At school, Tarsis cuffs and whips an obese French youth, El Frances, in a toilet during recess, rationalizing absurdly that the boy caused his father's death. El Frances is expelled while Tarsis, "punished" to study chess with Father Gregorio, incants, "Everything that stinks, . . . that's sick, . . . sordid, everything abject, can be summed up in one word . . . God!" He belches. Years later, after inexplicably beating his devoted lover, Nuria, he rationalizes, "everyone had always betrayed him . . . death, itself, when it carried off his father."

In Arrabal's world, absurdity and iconoclasm go hand in hand. Characters react like children unheeding of their cruelty because they lack understanding of moral laws. They afflict pain as the consequence of society's perniciousness in abandoning them.

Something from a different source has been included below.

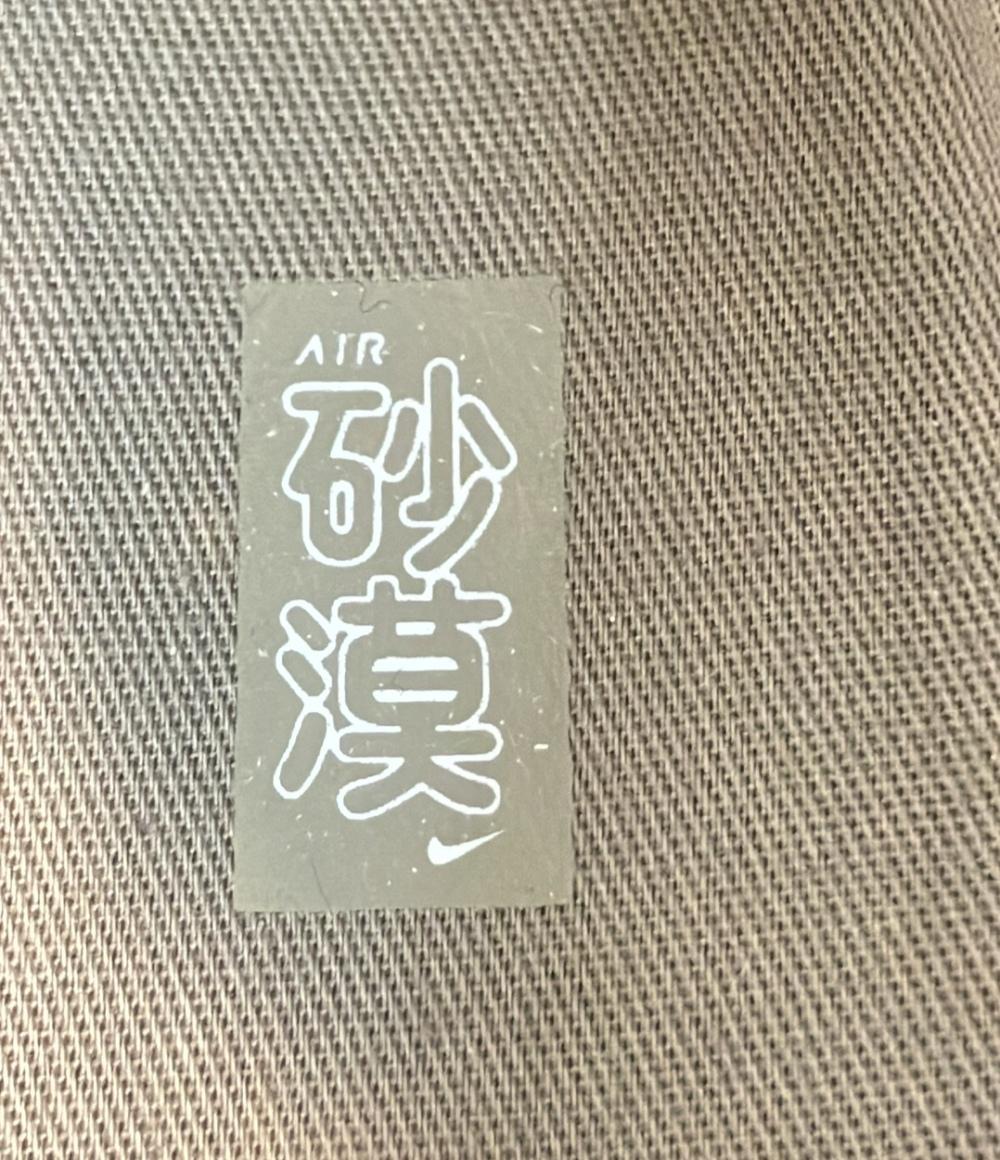 訳あり ナイキ ショートブーツ メンズ SIZE 25 (S) NIKE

The orphaned Amary murders his insane, alcoholic mother for confessing he was born in an outhouse. To survive the resulting "autogestation" and the chorus of inner voices (The Kid, Mickey, El Loco etc.) assailing his subconscious, he avenges grown-ups for having "no integrity . . . no honor." He joins the terrorist Dimitrov Faction, seduced by the tale of two Japanese revolutionaries on trial for kissing, "condemned to let themselves die in the snow, an act carried out with revolutionary stoicism."

Arrabal's indictment of fanaticism--Christendom's or Marxist--succeeds in rivaling "two antagonistic world concepts" with Tarsis and Amary as their avenging angels. Tarsis' decision in the final match to avenge Nuria, victim of terrorist sabotage by Amary's Marxist Comite, is the final recourse to justice in a world devoid of "goodness."

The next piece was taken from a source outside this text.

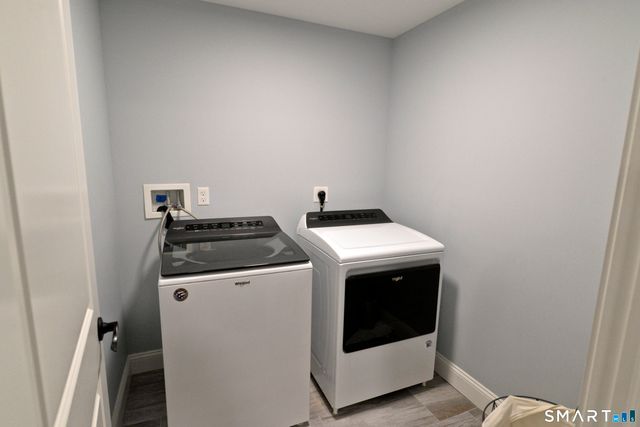 604 Wildcat Hill Road, Harwinton, CT 06791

When Amary's hostage demands require that Moscow bomb the oil wells of Saudi Arabia, Tarsis recognizes Amary's obsession to precipitate "a world war leading to a 'desert,' to a tabula rasa," allowing the construction of a brave "New Society." In the end, betrayal abounds. While Amary expedites one murder of a head of state, literally, and Tarsis attempts another, figuratively, on the chess board, we postulate which player will lose his own head next. Pride's betrayal of the mind with its self-accusatory inner personae and Tower-of-Babel voices cackling in judgment is the final checkmate, the tower struck by lightning.

One needn't be a passionate chess player to engage in the game play diagrammed throughout the dips and turns of Arrabal's munificent plot. With Arrabal, a former chess champion, we play along, anticipating both the chess and the abductor's strategies. Wildly exotic, the book merges the provocative principles of abstract theater into the free fantasy of prose, brilliantly executed by Spain's grand master of the Absurd.